SUPPLIED DATA –
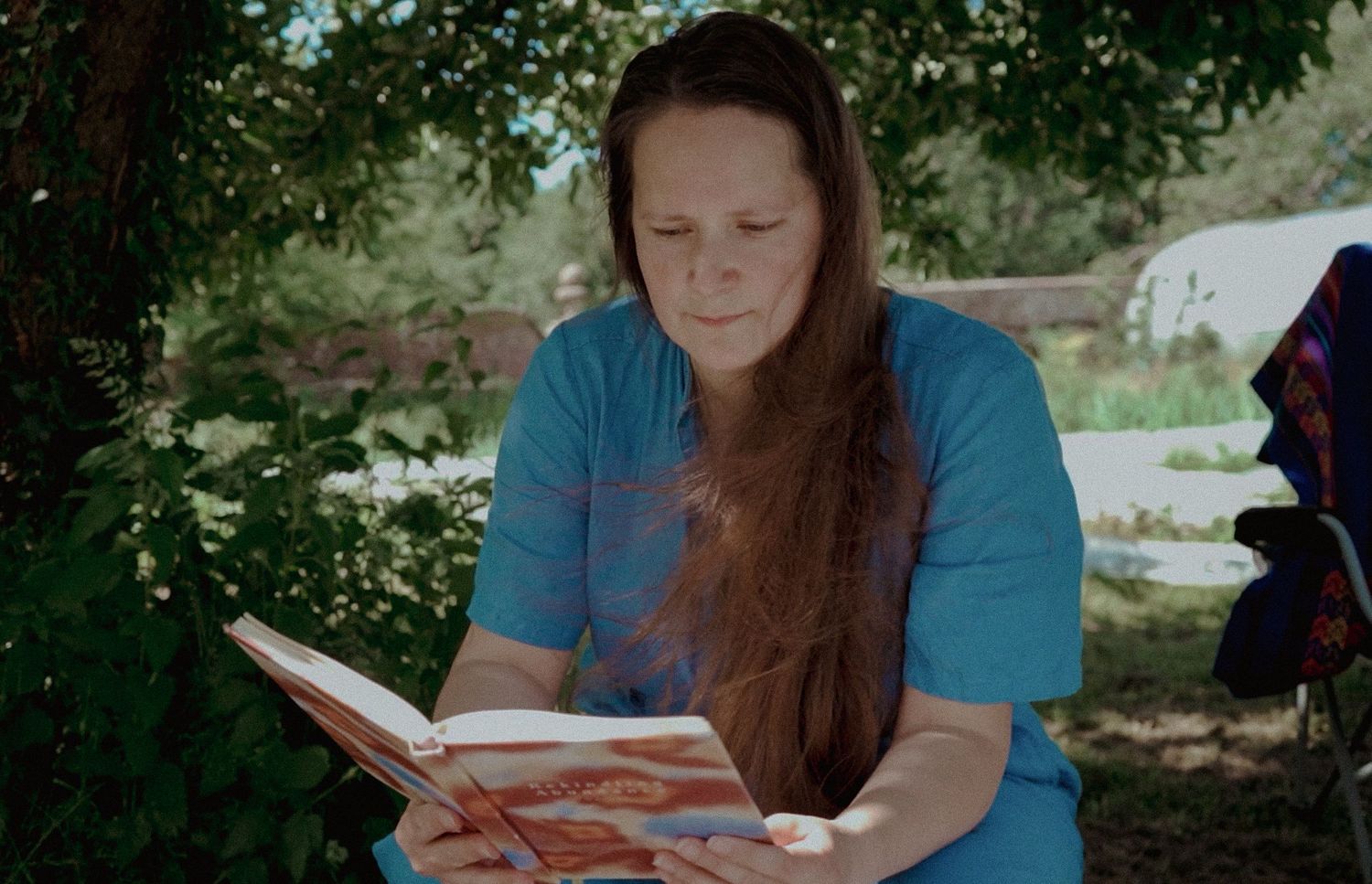 Still from a video. Female with long hair reading a colourful book outdoors under green trees on a sunny day.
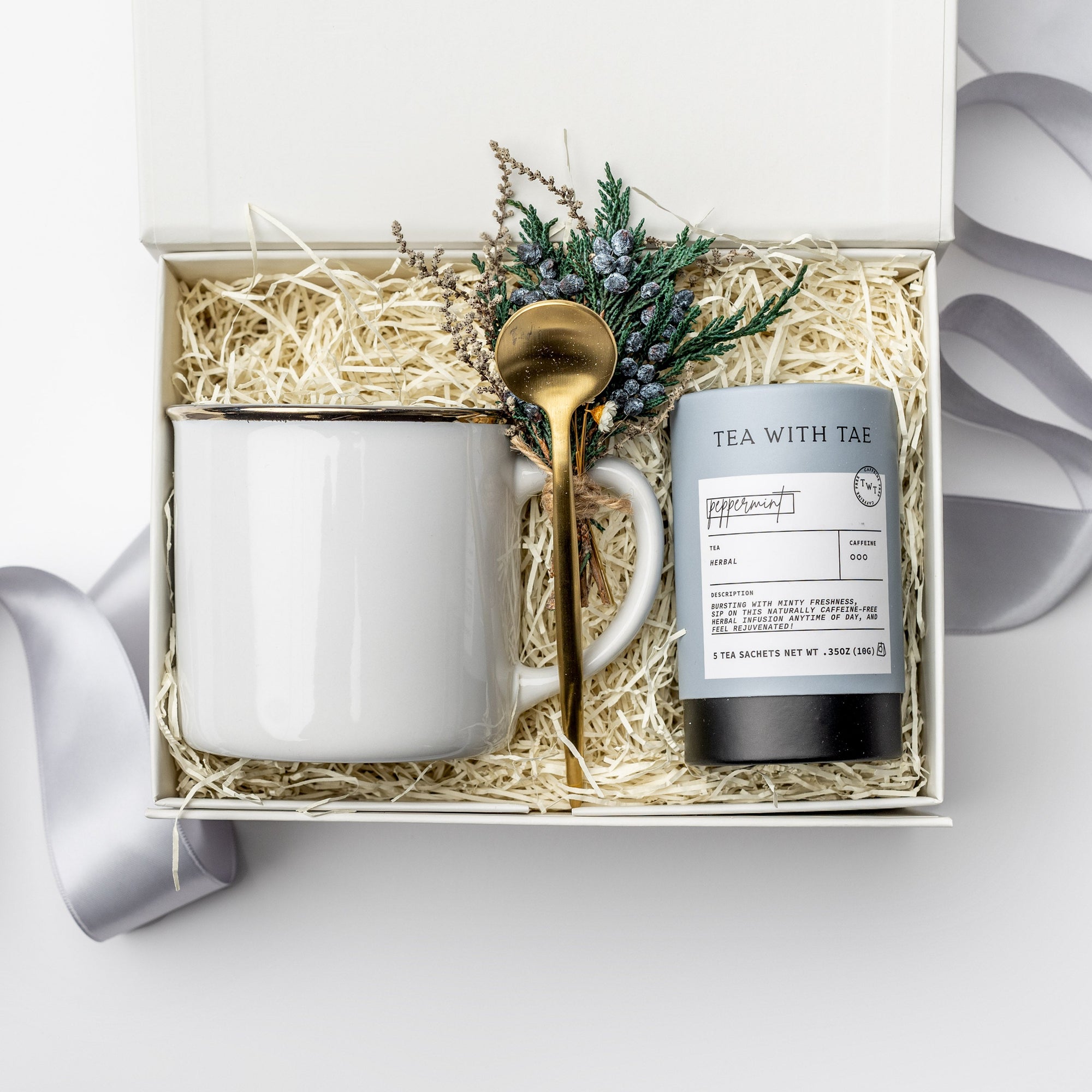 A white gift box with ivory paper shred and tied with a blue ribbon, set on a white background. Inside the box: a 12 oz ceramic gold-rimmed mug, a mini tube of artisan peppermint tea (5 sachets), a gold stirring spoon, and a handcrafted dried floral mini bouquet — a curated “Winter Tea” holiday gift box.
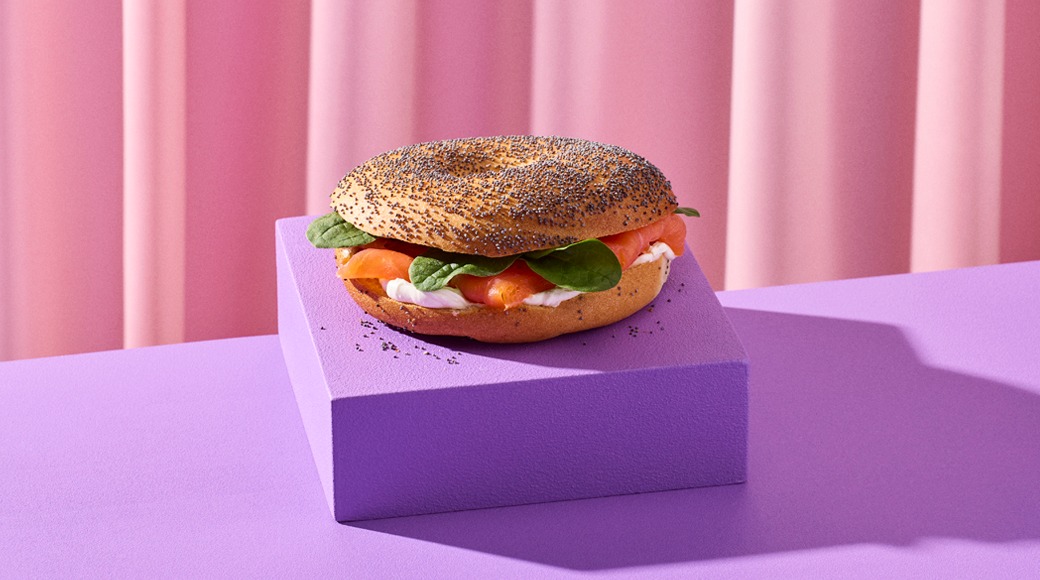 Unikkopäällysteinen bagel, jonka välissä on savulohta, tuorejuustoa ja pinaatinlehtiä. Bagel on violetin korokkeen päällä vaaleanpunaista verhoa vasten.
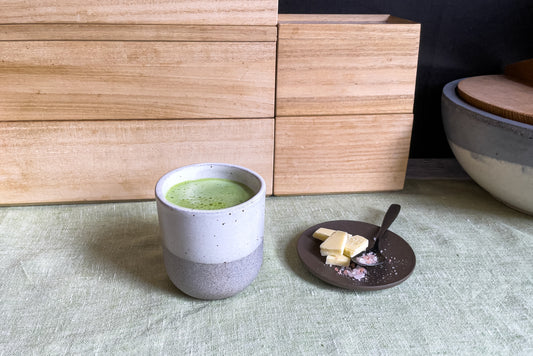 A frothy white chocolate matcha in a Perfect Matcha Latte Cup, next to a plate of hard cheese and sea salt.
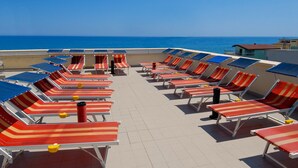 Un salón en la azotea con hileras de sillones a rayas y sombrillas, con vistas al mar azul y despejado.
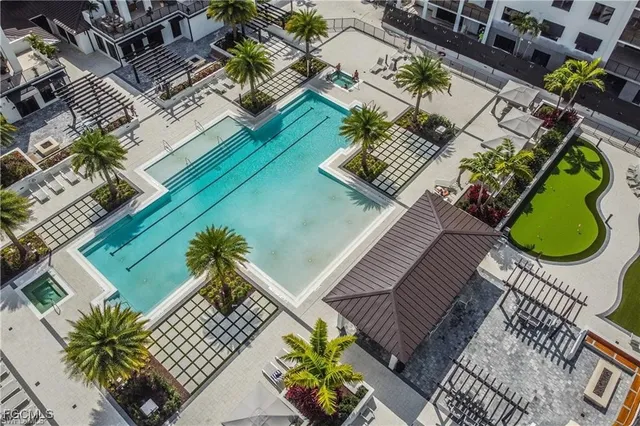 a kitchen with stainless steel appliances granite countertop a sink and white cabinets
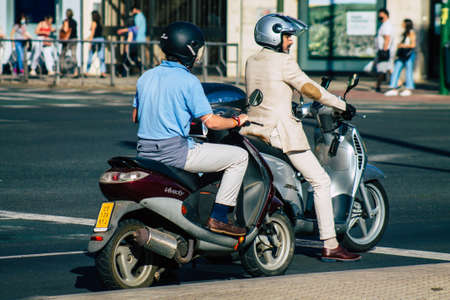Seville Spain September 22, 2021 People rolling with a motorcycle in the streets of Seville, an emblematic city and the capital of the region of Andalusia, in the south of Spainのeditorial素材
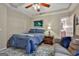 Cozy bedroom with tray ceilings, fan, and a glimpse of the adjoining bathroom at 226 Long Island Dr, Whitesburg, GA 30185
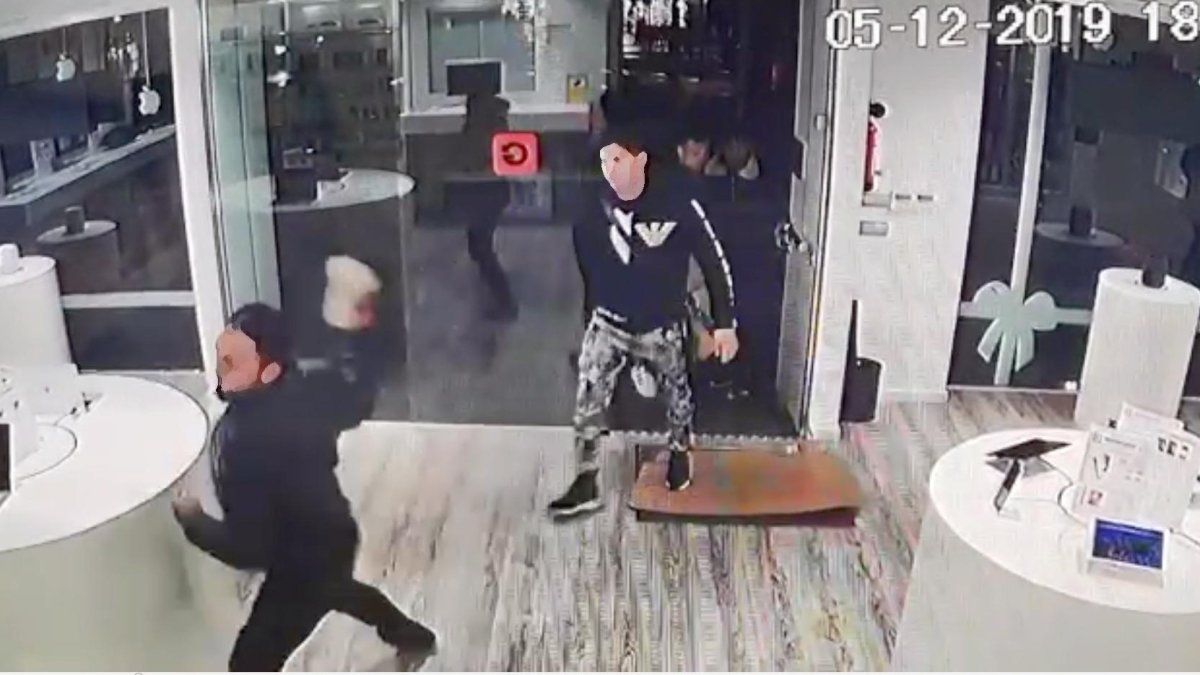 Un ladrón tira una piedra contra un cristal de una estantería.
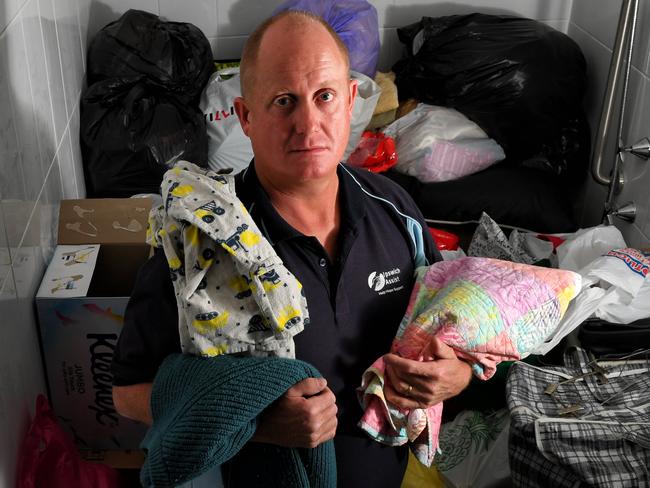 Ipswich Assist manager Jason Budden with blankets donated as part of GIVIT.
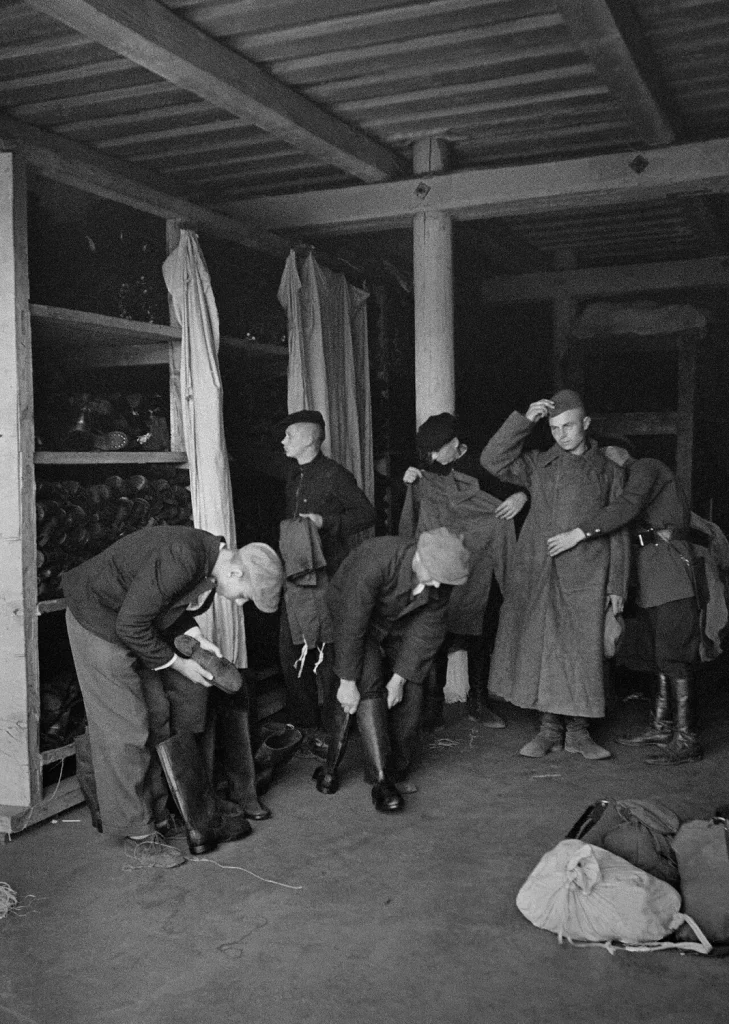 Новобранцы примеряют сапоги и шинели на вещевом складе, 24 июня 1941 года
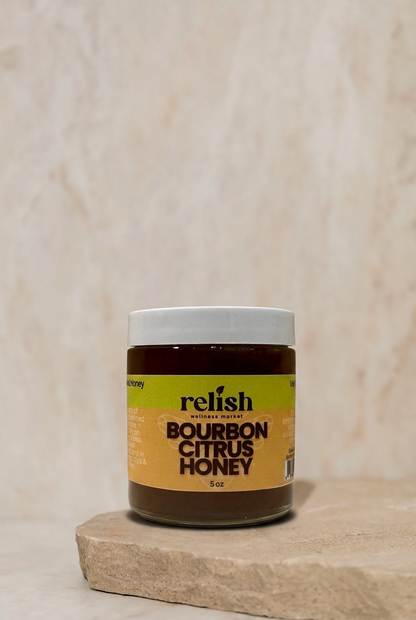 A jar of Bourbon Citrus Honey on a stone slab and neutral background. All natural Infused honey.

EXERCISE PROMPT –
Everything in the records above should be retyped exactly except the pictures.

EXERCISE OUTPUT –
 Still from a video. Female with long hair reading a colourful book outdoors under green trees on a sunny day.
 A white gift box with ivory paper shred and tied with a blue ribbon, set on a white background. Inside the box: a 12 oz ceramic gold-rimmed mug, a mini tube of artisan peppermint tea (5 sachets), a gold stirring spoon, and a handcrafted dried floral mini bouquet — a curated “Winter Tea” holiday gift box.
 Unikkopäällysteinen bagel, jonka välissä on savulohta, tuorejuustoa ja pinaatinlehtiä. Bagel on violetin korokkeen päällä vaaleanpunaista verhoa vasten.
 A frothy white chocolate matcha in a Perfect Matcha Latte Cup, next to a plate of hard cheese and sea salt.
 Un salón en la azotea con hileras de sillones a rayas y sombrillas, con vistas al mar azul y despejado.
 a kitchen with stainless steel appliances granite countertop a sink and white cabinets
Seville Spain September 22, 2021 People rolling with a motorcycle in the streets of Seville, an emblematic city and the capital of the region of Andalusia, in the south of Spainのeditorial素材
 Cozy bedroom with tray ceilings, fan, and a glimpse of the adjoining bathroom at 226 Long Island Dr, Whitesburg, GA 30185
 Un ladrón tira una piedra contra un cristal de una estantería.
 Ipswich Assist manager Jason Budden with blankets donated as part of GIVIT.
 Новобранцы примеряют сапоги и шинели на вещевом складе, 24 июня 1941 года
 A jar of Bourbon Citrus Honey on a stone slab and neutral background. All natural Infused honey.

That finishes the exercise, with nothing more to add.